Docs
Policy Gateway Integration: request/response contract
This is the contract for integrating Policy Gateway. If you already send OpenAI-style chat completions, you can send Policy Gateway requests with one endpoint swap and a policy_id.
Use the optional headers to unlock quotas, budgets, and rollout targeting for production traffic.
Quick start
Base URL
Example request
curl https://api.abliteration.ai/policy/chat/completions \
-H "Authorization: Bearer $POLICY_KEY" \
-H "Content-Type: application/json" \
-H "X-Policy-User: user-12345" \
-H "X-Policy-Project: support-bot" \
-H "X-Policy-Target: support-bot" \
-d '{
"model": "abliterated-model",
"messages": [{ "role": "user", "content": "Summarize our refund policy." }],
"policy_id": "policy-gateway"
}'Service notes
- Pricing model: Usage-based pricing (~$5 per 1M tokens) billed on total tokens (input + output). See the API pricing page for current plans.
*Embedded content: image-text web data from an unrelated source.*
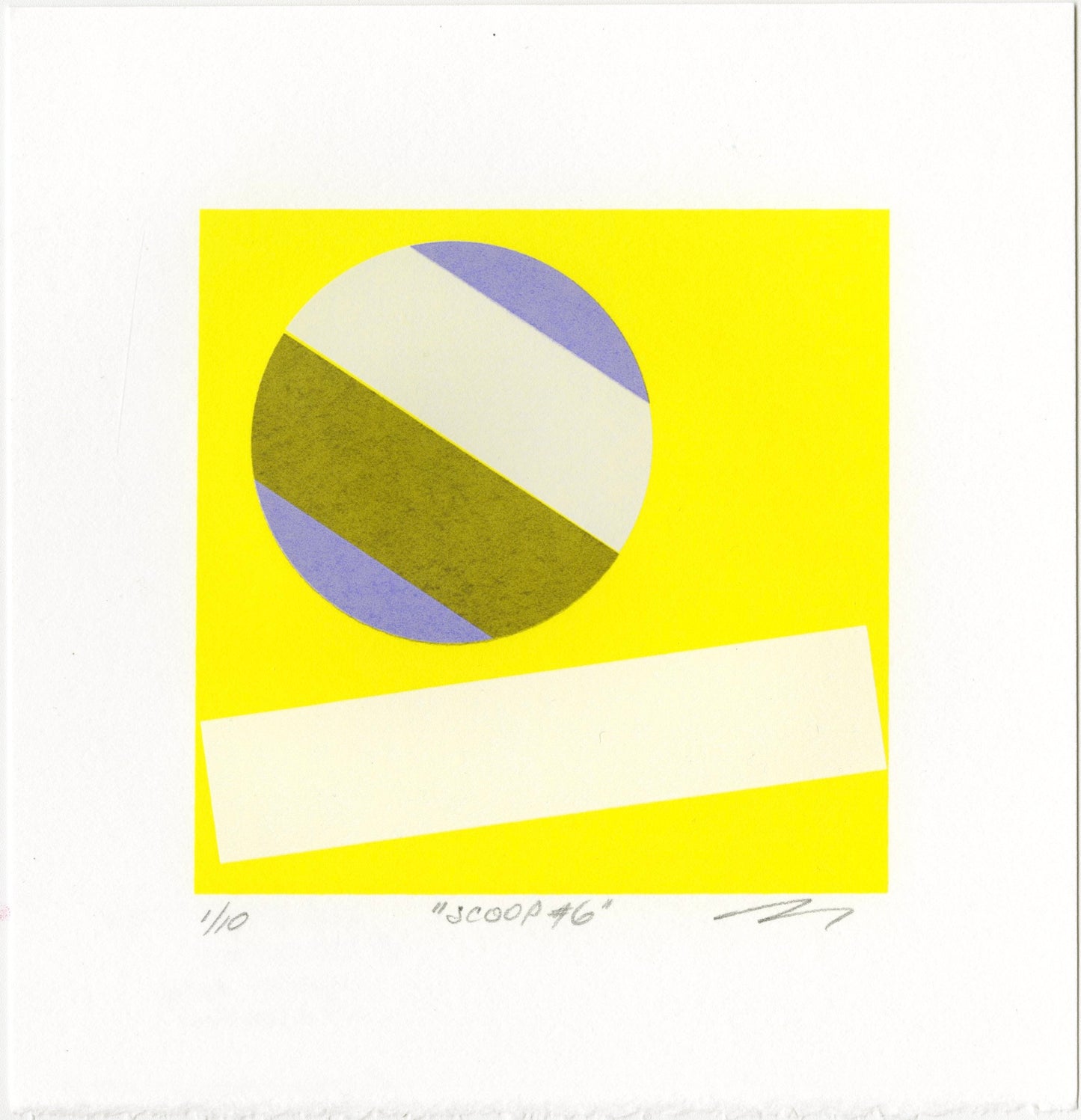 Walter Procska, Scoop #6, 2026, screenprint, edition pf 10, paper size: 6" x 6", note: paper has a deckled edge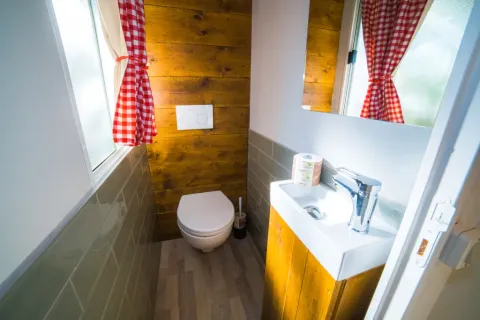 Salle de bains rustique à Cottage Spotty avec murs en bois, rideaux à carreaux rouges, WC et lavabo.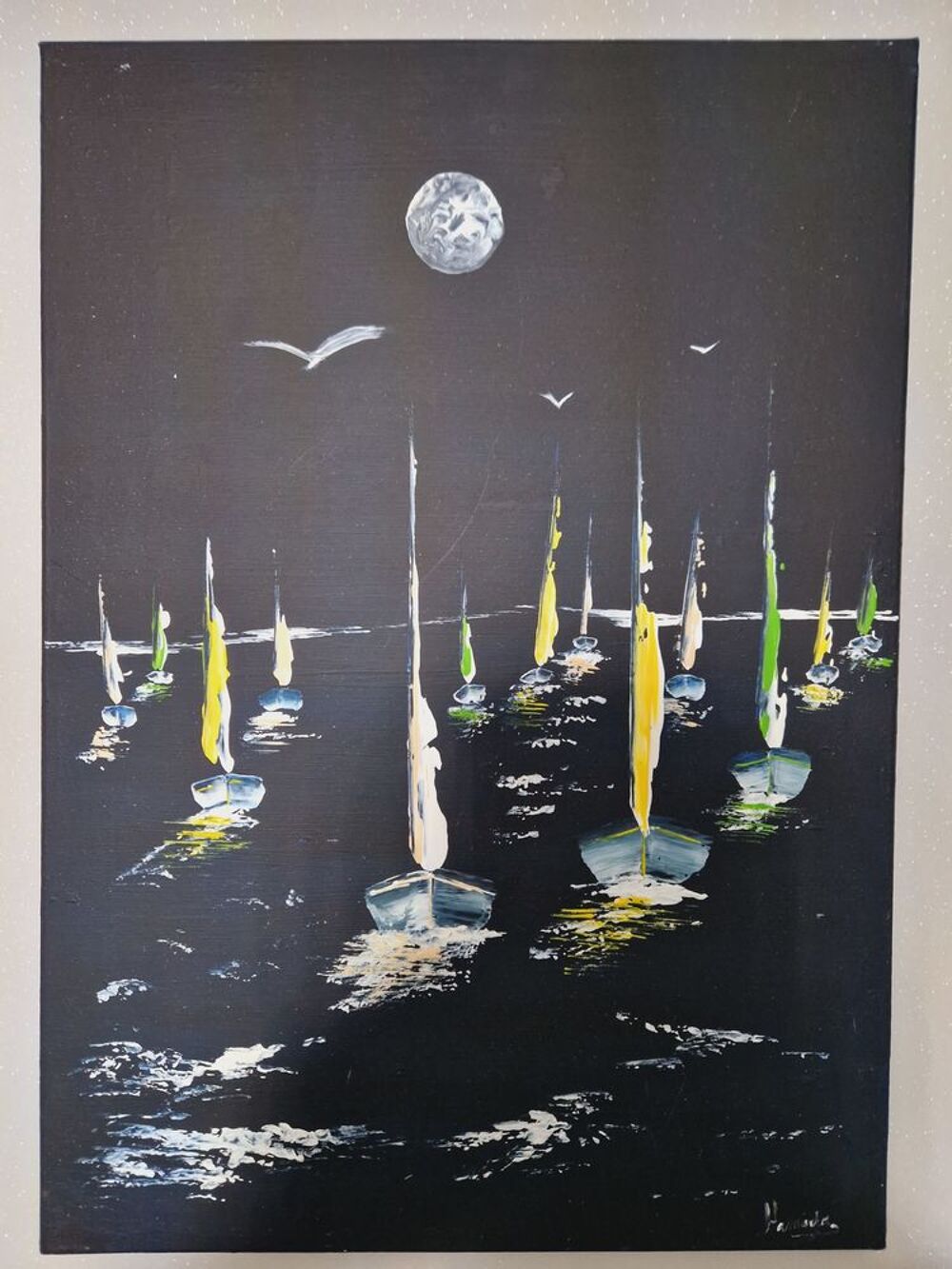 Tableau peinture main marine noire Décoration
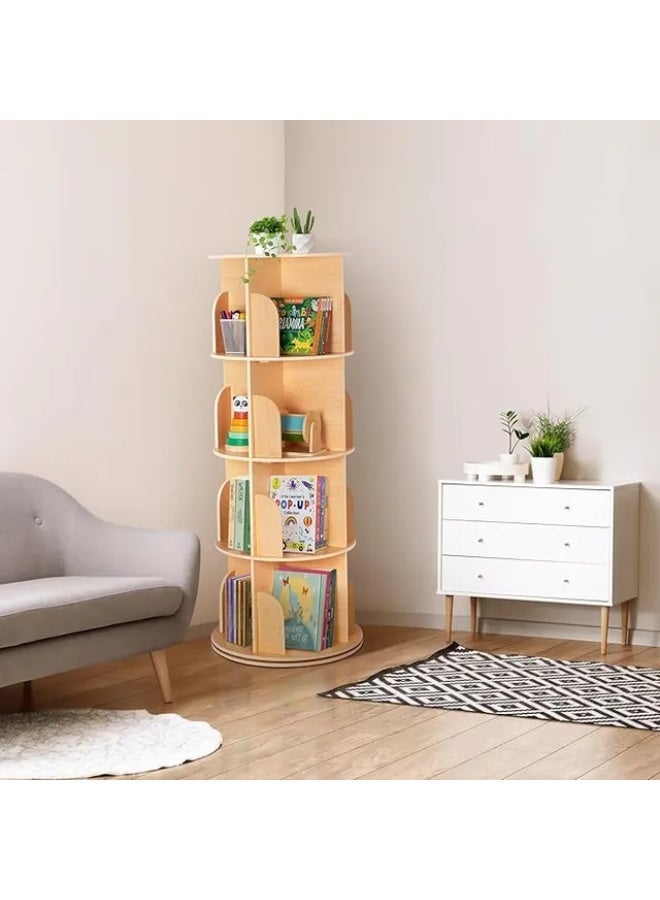 توكي توي رف كتب خشبي دوّار من 4 طبقات – بني من TOOKY TOY - Image 2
- Data retention: No prompt/output retention by default. Operational telemetry (token counts, timestamps, error codes) is retained for billing and reliability.
- Compatibility: OpenAI-style /v1/chat/completions request and response format with a base URL switch.
- Latency: Depends on model size, prompt length, and load. Streaming reduces time-to-first-token.
- Throughput: Team plans include priority throughput. Actual throughput varies with demand.
- Rate limits: Limits vary by plan and load. Handle 429s with backoff and respect any Retry-After header.
Request contract
Send a standard chat completion payload with a policy_id. Optional headers allow per-user quotas, per-project budgets, and rollout targeting.
| Field | Details |
|---|---|
| Endpoint | POST /policy/chat/completions |
| Auth | Authorization: Bearer <policy key> |
| Required fields | model, messages, policy_id |
| Optional but recommended |
X-Policy-User or policy_user (quotas + per-user audit)X-Policy-Project or policy_project_id (budgets + per-project audit)X-Policy-Target or policy_target (rollout targeting) |
Response contract
Responses include the model output plus policy metadata for audits and debugging. The policy block mirrors the Policy Gateway console fields.
Response contract
{
"id": "chatcmpl-policy-123",
"object": "chat.completion",
"created": 1735958400,
"model": "abliterated-model",
"choices": [
{
"index": 0,
"message": {
"role": "assistant",
"content": "Here is a brief summary of your refund policy."
},
"finish_reason": "stop"
}
],
"usage": {
"prompt_tokens": 18,
"completion_tokens": 12,
"total_tokens": 30
},
"policy": {
"policy_id": "policy-gateway",
"decision": "rewrite",
"effective_decision": "rewrite",
"reason_code": "REWRITE",
"triggered_categories": ["self-harm/intent"],
"allowlist_hits": ["refund policy"],
"denylist_hits": [],
"rollout_mode": "enforced",
"enforced": true,
"policy_target": "support-bot",
"policy_user": "user-12345",
"project_id": "support-bot"
}
}Policy decision flow (deterministic)
Policy Gateway follows a fixed evaluation order so outcomes are predictable and testable.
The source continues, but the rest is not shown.